Vida longa aos produtos, por favor!

Crédito: Adriano Vizoni/Folhapress SAO PAULO - SP - BRASIL, 24-04-2015, 22h20: PRODUCAO DE CELULARES. (Foto: Adriano Vizoni/Folhapress, TEC) ***EXCLUSIVO FSP***
Obsolescência percebida é estratégia deliberada da indústria de bens

Na estação 6 do corpo de bombeiros da cidade de Livermore, nos Estados Unidos, há uma discreta lâmpada que é mantida sempre acesa. Seu brilho não tem nada de especial, mas se trata de uma peça histórica, que fez do local um ponto turístico.

Conhecida como Lâmpada Centenária, ela está no livro dos recordes "The Guinness Book" por ser a mais antiga do mundo, em funcionamento há 117 anos.

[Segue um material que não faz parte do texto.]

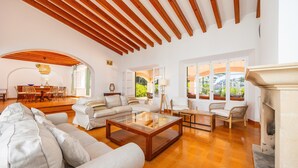 A spacious living room with a wooden ceiling, a fireplace, and a large window offering a view of greenery. - Holiday Home 'Aladern' with Sea View, Private Terrace and Wi-Fi (Font de Sa Cala)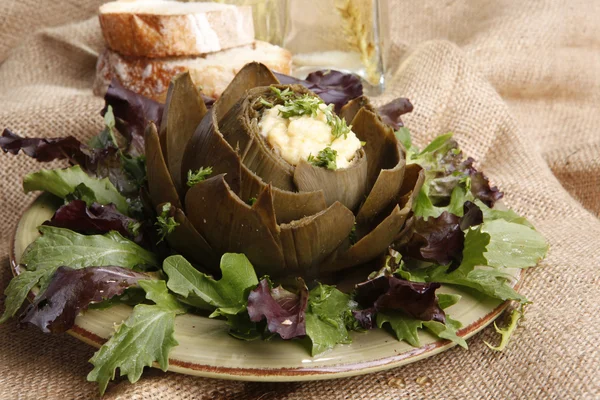 Steamed Artichoke stuffed with Hollandaise sauce — Stock Photo, Image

Produzida em 1901 pela Companhia Elétrica Shelby, a antiga lâmpada incandescente difere da versão que conhecemos por ter seu bulbo feito artesanalmente e um filamento mais espesso, de carbono, enquanto os modelos contemporâneos, recentemente retirados do mercado, têm filamento feito de tungstênio.

Aqueles eram tempos em que os produtos eram feitos para durar ao máximo. Mas na década de 20 este cenário mudaria radicalmente, com a organização do Cartel de Phoebus, composto pelas maiores empresas de iluminação da época.

Responsável por três quartos da produção mundial de lâmpadas elétricas, este grupo fez um acordo e passou a fabricar, deliberadamente, produtos com duração muito inferior ao seu potencial, com o objetivo de estimular sua rápida substituição e gerar mais emprego em uma época de recessão. Foi então que as lâmpadas passaram a ter uma vida útil bem curta.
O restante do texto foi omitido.